Nella Chiesa Cristiana Cattolica, ognuno di noi gode degli stessi diritti, pur nell'esplicare funzioni diverse, o, al contrario, le funzioni diverse sono fonti di diritti diversi, di modo che chi esercita una funzione superiore ha più diritti e, per conseguenza è più cristiano degli altri?

Questa è una domanda, forse un po' oscura, ma che si è resa più impellente dopo il Concilio Vaticano Secondo.
    È una domanda che, per un cristiano il quale crede riflettendo e il quale ama la sua chiesa, non è un inutile esercizio dialettico, ma un bisogno di collocarsi nel posto giusto di fronte a Dio, al mondo, alla Chiesa e alla propria coscienza.

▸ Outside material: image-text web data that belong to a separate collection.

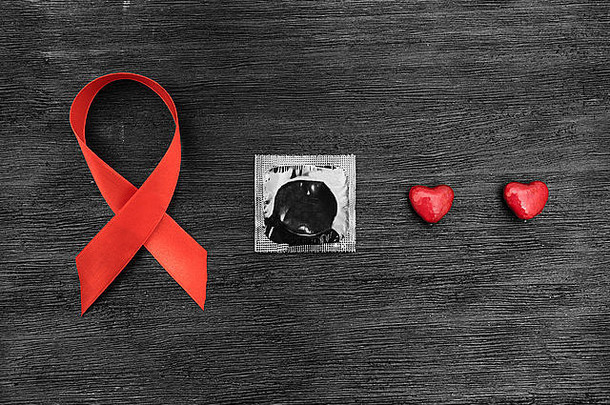 黑色背景上的艾滋病丝带、避孕套和心脏
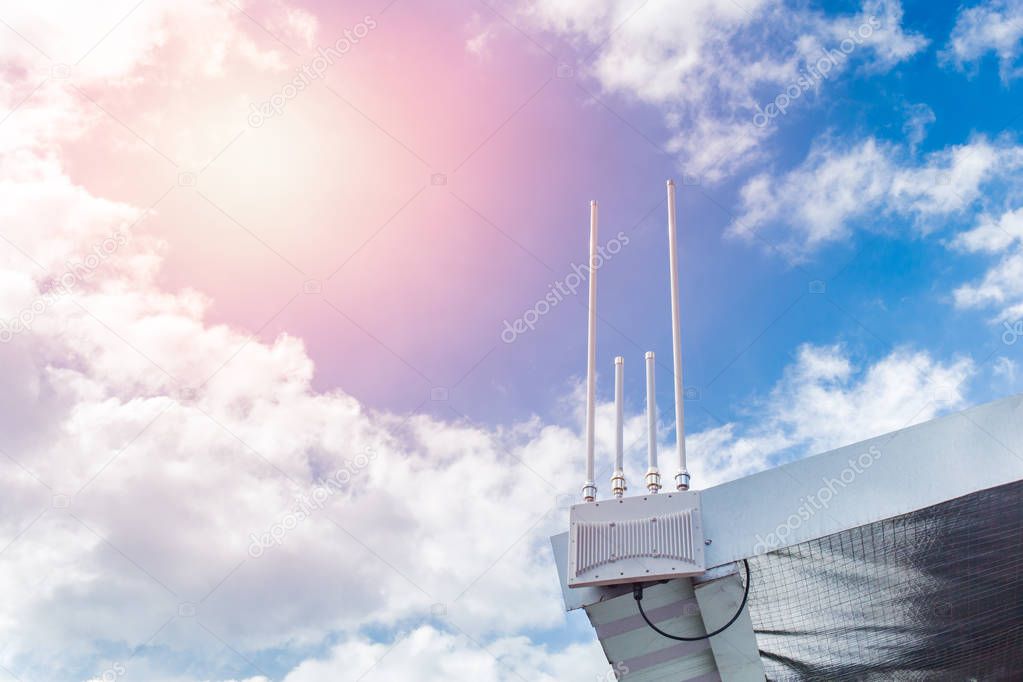WIFI antenna outdoor at roof hotspot long range digital data signal transport against blue sunny day sky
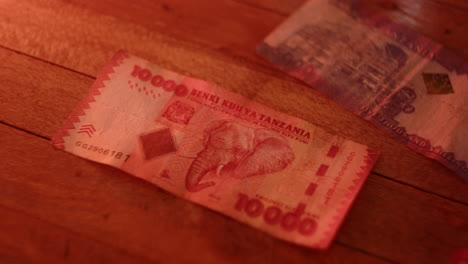 Close-up-Tanzania-shilling-banknotes-on-wooden-table-under-warm-light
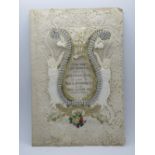 A decoupage Sweetheart or Valentines card having central Lyre design over paperlace 'I do this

Traducendo in termini semplici la domanda iniziale, ci si chiede: il Papa, che è un cristiano ha i suoi diritti essenziali soltanto perché è diventato Papa, oppure i suoi diritti da Papa sono gli stessi che aveva prima di essere eletto Papa, con facoltà particolari?
    Per diritti, in quanto cristiani, si intendono i diritti al Vangelo, all'Eucaristia, ai sacramenti, alla vita eterna.

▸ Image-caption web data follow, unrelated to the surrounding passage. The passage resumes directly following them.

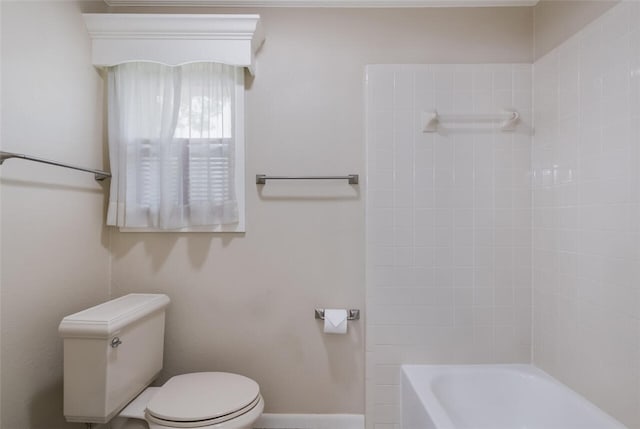 bathroom featuring tiled shower / bath combo and toilet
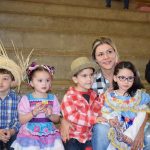 Famílias com trajes juninos posam para foto na Festa Junina 2019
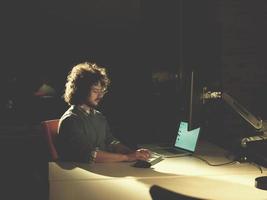 uomo Lavorando su computer nel buio ufficio foto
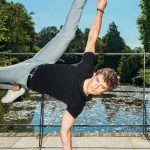 Jakub Józef Orliński performs a one-hand handstand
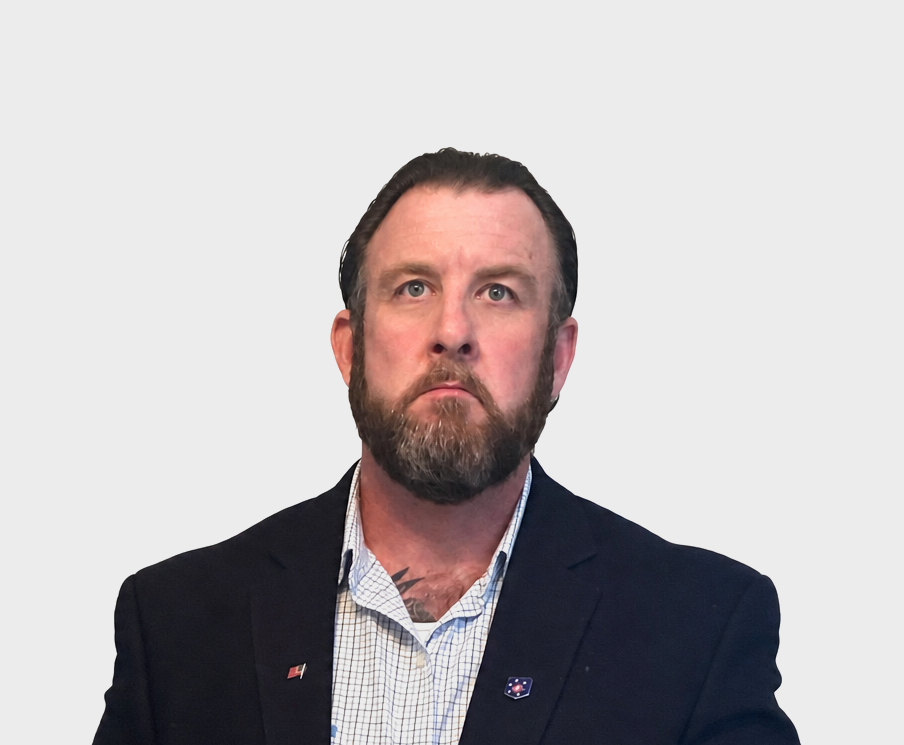 Professional portrait of Anthony Hattar in a blazer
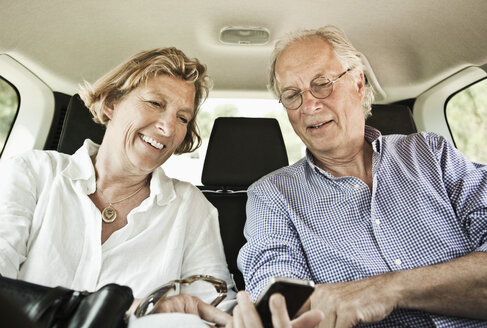 Glückliches Paar, das im Auto sitzend in sein Handy schaut - MASF03536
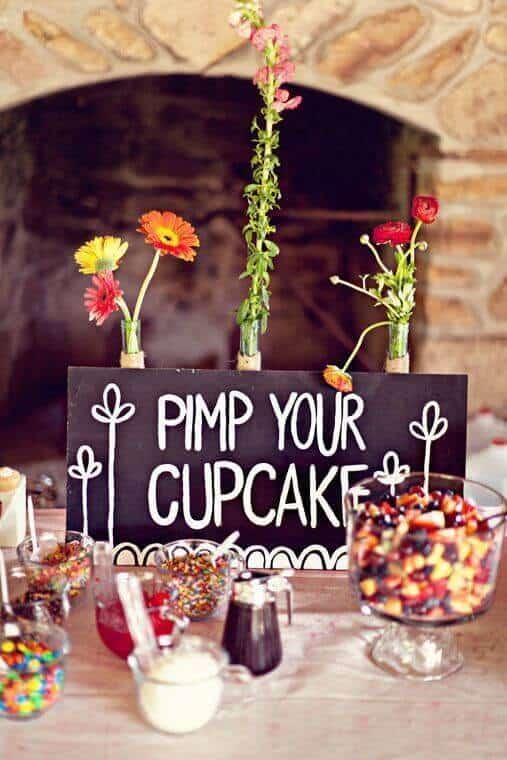 34 budget wedding ideas for a creative affordable wedding 13 Rustic wedding cupcake bar featuring a chalkboard sign "pimp your cupcake," colorful candy toppings, syrups, and vibrant flowers by a stone fireplace.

Il diritto alla salvezza nasce dalla fede in Gesù. Il battesimo conferma ed esplicita questo diritto.
    Fonte del diritto cristiano non è nessuna legge, ma soltanto la fede. Quando Paolo di Tarso e, prima di lui, Gesù opponevano la legge alla fede, non abolivano il diritto, ma lo ponevano su un piano diverso.

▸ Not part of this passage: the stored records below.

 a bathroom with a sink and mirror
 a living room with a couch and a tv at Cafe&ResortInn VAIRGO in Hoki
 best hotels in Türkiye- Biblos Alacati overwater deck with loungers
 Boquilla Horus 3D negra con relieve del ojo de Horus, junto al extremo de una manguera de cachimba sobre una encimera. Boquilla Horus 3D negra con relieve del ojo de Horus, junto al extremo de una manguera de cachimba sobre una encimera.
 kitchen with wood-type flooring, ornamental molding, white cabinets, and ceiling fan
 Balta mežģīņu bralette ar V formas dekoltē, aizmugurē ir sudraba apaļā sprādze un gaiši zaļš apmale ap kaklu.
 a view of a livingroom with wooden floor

    Perciò quando si ricordano i diritti fondamentali nella nostra chiesa, non ci si rivolge al codice di diritto canonico, ma alla costituzione fondante della chiesa: Gesù e la fede in lui.

Questa va alla radice dell'"essere cristiani". Come per i diritti umani (anche quelli esplicitati dalle Nazioni Unite), ci si basa sul fatto di essere esseri umani, così per i diritti cristiani ci si basa sul semplice fatto di essere cristiani.
    Il Codice di Diritto Canonico regola - bene o male - l'esercizio delle funzioni ecclesiali, non crea i diritti fondanti.